→ Your instructions
Skip the images and repeat every entry word for word.

[Short web captions]
*** Block opens ***

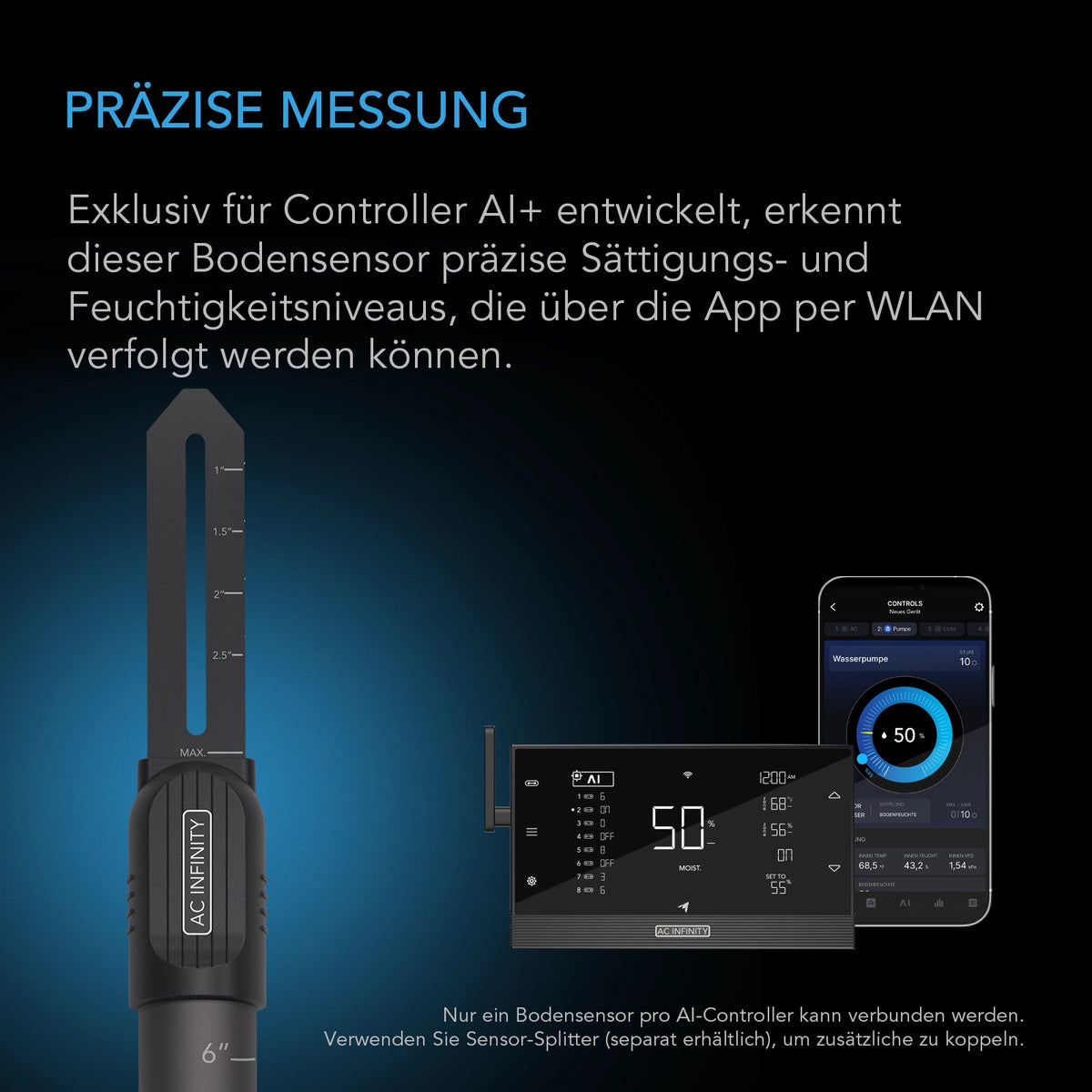 AC Infinity Bodensensor – Infografik Präzise Messung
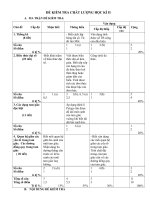 ĐỀ THI HỌC KỲ 2 CÓ MA TRẬN ĐÁP ÁN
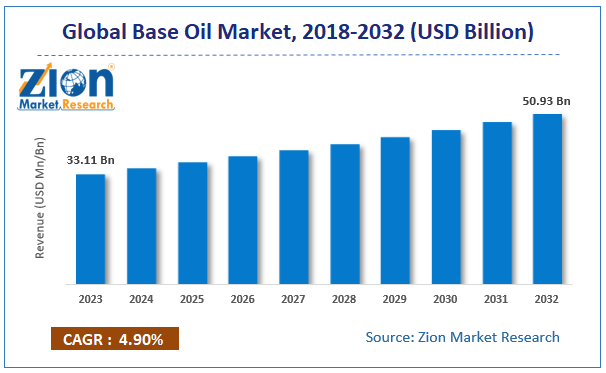 Base Oil Market size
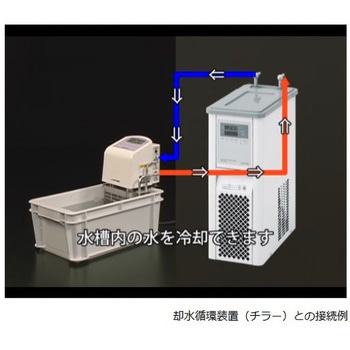 サーマックスオプション アズワン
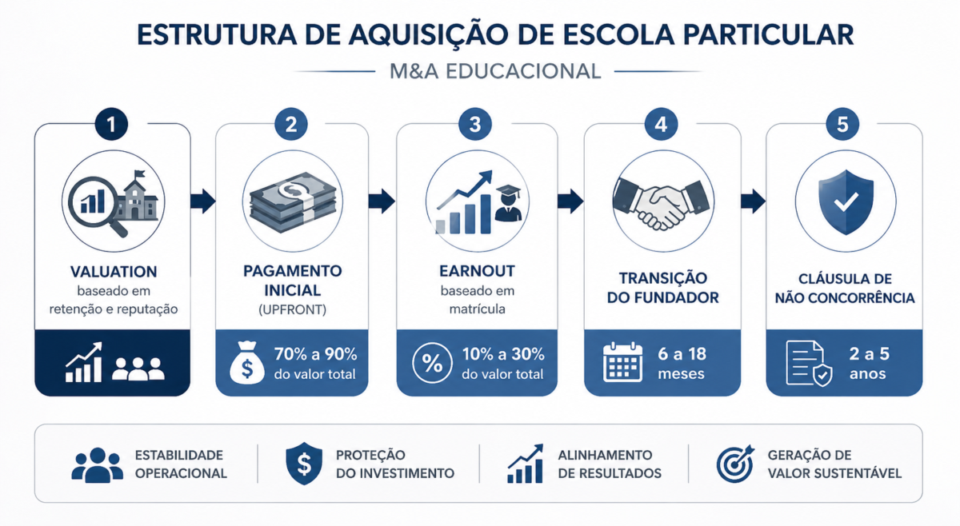 Como comprar escola particular com previsibilidade de caixa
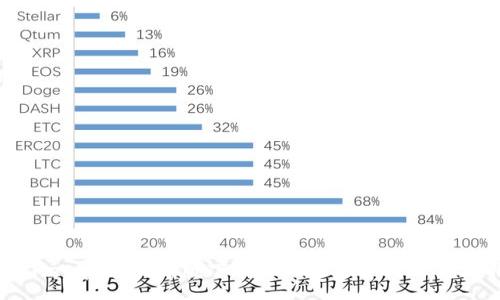 nowrap
tpWallet官方最新版下载 - 全面解析与使用指南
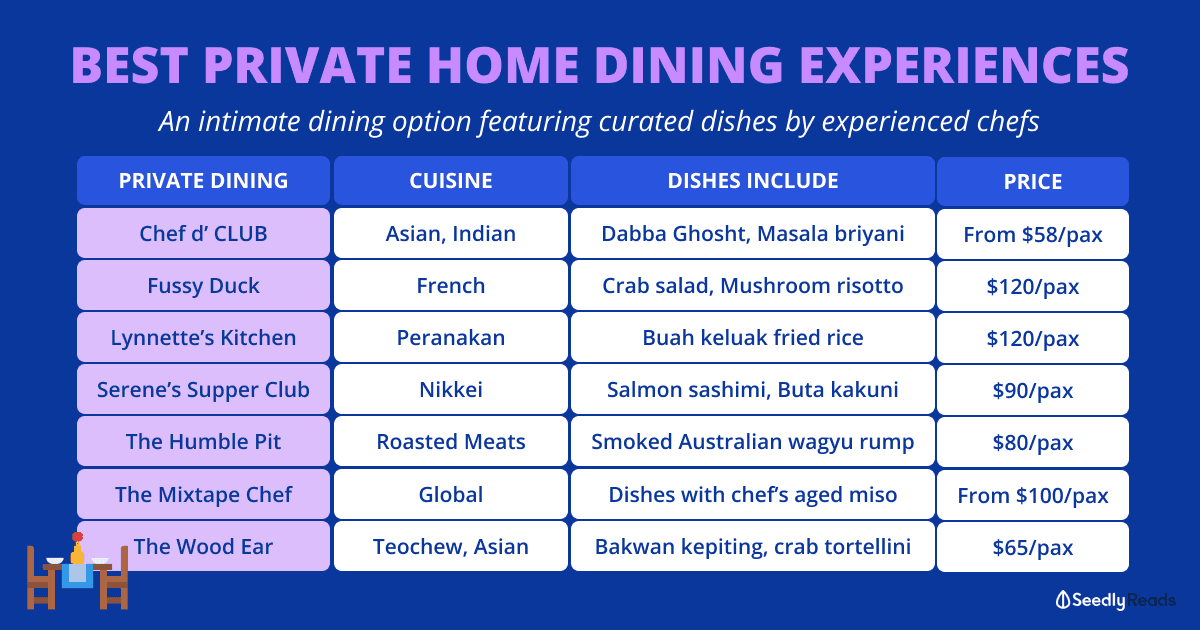 Best Private Home Dining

*** Block closes ***

→ Task response
 AC Infinity Bodensensor – Infografik Präzise Messung
 ĐỀ THI HỌC KỲ 2 CÓ MA TRẬN ĐÁP ÁN
 Base Oil Market size
 サーマックスオプション アズワン
 Como comprar escola particular com previsibilidade de caixa
 nowrap
tpWallet官方最新版下载 - 全面解析与使用指南
 Best Private Home Dining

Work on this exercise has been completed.